President Donald Trump announced Thursday that he was sending agents to several U.S. cities, including Milwaukee, to combat violent crime. The announcement stoked fears among Democrats that the agents would be used to break up protests over police brutality and racism. Agents sent to protect federal property from protesters in Portland, Oregon, have been accused of arresting people without probable cause, whisking them away in unmarked cars and using excessive force.
Matthew Krueger, the U.S. attorney in Milwaukee, told reporters on Friday that the agents being sent to the city would work to solve violent crimes as part of a national anti-crime initiative dubbed Operation Legend, not patrol the streets or break up protests.
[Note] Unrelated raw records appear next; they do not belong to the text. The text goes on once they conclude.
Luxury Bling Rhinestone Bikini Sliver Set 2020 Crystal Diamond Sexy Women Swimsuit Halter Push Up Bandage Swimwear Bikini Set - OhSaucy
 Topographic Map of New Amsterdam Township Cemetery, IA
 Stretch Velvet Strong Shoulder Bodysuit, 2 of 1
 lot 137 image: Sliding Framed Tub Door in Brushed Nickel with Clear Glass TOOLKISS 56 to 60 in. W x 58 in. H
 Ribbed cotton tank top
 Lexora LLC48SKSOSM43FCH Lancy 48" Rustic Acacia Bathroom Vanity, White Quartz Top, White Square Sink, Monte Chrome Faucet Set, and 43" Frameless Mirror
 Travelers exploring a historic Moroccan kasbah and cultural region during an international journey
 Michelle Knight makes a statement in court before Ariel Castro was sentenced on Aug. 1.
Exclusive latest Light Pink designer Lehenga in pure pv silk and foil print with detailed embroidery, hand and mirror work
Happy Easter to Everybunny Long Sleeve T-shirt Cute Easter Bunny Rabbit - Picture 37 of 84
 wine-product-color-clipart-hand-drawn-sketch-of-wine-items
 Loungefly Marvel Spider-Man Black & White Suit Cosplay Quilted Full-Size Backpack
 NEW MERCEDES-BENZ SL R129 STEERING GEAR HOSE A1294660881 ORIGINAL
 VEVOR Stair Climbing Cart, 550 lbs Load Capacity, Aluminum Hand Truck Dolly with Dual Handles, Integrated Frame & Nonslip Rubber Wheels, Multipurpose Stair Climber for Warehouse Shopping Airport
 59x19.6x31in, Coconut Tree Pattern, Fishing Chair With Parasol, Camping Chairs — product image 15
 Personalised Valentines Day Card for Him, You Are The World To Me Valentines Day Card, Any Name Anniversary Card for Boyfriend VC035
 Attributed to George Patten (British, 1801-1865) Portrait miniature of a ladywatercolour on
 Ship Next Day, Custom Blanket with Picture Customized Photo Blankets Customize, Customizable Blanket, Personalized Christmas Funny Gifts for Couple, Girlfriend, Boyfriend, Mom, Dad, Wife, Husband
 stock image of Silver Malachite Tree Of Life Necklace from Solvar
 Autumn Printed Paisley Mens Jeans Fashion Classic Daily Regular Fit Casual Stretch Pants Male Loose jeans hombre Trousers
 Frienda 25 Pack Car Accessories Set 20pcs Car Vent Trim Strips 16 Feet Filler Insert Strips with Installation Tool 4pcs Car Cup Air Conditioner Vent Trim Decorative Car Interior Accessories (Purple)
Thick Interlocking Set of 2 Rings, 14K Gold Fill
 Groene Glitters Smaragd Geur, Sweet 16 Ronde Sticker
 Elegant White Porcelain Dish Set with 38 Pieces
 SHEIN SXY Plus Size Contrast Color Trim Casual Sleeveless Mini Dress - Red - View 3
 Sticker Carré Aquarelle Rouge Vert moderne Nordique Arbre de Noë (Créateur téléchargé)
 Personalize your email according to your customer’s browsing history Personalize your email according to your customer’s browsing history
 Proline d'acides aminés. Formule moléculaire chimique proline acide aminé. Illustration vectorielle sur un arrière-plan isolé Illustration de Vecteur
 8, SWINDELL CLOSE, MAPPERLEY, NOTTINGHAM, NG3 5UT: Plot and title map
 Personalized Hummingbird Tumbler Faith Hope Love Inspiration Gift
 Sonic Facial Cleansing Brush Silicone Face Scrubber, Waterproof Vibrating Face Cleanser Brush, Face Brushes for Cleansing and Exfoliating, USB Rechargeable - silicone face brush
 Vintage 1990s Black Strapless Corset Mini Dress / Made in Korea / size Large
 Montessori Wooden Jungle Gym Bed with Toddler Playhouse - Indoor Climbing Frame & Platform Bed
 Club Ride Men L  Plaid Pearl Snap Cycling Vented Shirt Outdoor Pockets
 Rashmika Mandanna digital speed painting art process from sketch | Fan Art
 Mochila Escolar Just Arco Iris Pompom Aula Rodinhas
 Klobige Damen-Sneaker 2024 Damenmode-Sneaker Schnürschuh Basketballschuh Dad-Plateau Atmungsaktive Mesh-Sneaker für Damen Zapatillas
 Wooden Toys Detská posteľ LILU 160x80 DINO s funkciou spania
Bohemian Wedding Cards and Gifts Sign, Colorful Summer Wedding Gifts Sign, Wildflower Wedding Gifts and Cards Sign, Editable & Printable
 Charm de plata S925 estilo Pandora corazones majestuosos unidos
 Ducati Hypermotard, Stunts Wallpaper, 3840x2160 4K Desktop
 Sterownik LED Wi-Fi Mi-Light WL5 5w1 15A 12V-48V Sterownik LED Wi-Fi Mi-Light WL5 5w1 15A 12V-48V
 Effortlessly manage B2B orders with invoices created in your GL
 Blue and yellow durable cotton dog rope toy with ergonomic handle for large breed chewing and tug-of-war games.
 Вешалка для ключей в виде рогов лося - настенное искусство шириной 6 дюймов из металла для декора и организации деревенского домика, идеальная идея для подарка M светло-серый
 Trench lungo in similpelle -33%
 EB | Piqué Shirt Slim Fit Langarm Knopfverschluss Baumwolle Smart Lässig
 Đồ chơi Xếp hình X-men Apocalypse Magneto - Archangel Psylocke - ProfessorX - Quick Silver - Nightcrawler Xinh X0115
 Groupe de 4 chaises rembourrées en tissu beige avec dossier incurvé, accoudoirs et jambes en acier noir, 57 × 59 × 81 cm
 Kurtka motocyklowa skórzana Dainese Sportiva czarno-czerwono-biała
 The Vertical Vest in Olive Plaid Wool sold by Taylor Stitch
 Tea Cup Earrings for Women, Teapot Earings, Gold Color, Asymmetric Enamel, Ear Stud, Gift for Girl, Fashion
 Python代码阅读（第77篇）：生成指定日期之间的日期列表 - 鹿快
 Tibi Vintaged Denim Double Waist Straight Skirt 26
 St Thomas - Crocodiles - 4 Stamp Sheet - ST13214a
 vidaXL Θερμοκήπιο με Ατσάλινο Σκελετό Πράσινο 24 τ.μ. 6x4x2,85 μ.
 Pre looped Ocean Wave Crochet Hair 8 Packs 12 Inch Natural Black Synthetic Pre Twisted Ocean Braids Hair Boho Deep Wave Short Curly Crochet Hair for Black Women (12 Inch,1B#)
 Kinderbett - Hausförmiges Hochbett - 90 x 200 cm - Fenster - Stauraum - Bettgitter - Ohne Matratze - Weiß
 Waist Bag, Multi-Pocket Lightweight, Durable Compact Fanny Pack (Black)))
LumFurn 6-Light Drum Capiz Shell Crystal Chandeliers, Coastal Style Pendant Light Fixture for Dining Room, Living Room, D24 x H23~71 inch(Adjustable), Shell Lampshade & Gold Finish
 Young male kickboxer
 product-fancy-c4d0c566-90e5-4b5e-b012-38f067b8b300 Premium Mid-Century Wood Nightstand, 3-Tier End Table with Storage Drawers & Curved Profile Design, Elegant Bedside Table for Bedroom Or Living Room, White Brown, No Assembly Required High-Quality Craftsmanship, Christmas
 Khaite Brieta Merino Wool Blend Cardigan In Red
Gov. Tony Evers, U.S. Rep. Gwen Moore, U.S. Sen. Tammy Baldwin, Milwaukee Mayor Tom Barrett and Milwaukee County Executive David Crowley sent Krueger a letter Tuesday saying they were never consulted about the deployment. They demanded that Krueger tell them what types of crimes the agents would investigate, whether the agents would be used for crowd control or to protect federal property, what authority they have to act when not on federal property and whether Krueger would give any notice should the agents’ mission change.
“Given that neither the President nor Attorney General (William) Barr consulted us, as elected leaders for Wisconsin and Milwaukee, about this increased federal presence, it is imperative that we, and the people we represent, receive specific details about the nature of this effort,” the Democrats wrote.
Krueger’s spokesman, Kenneth Gales, said that the prosecutor planned a news conference Wednesday morning to further discuss the operation.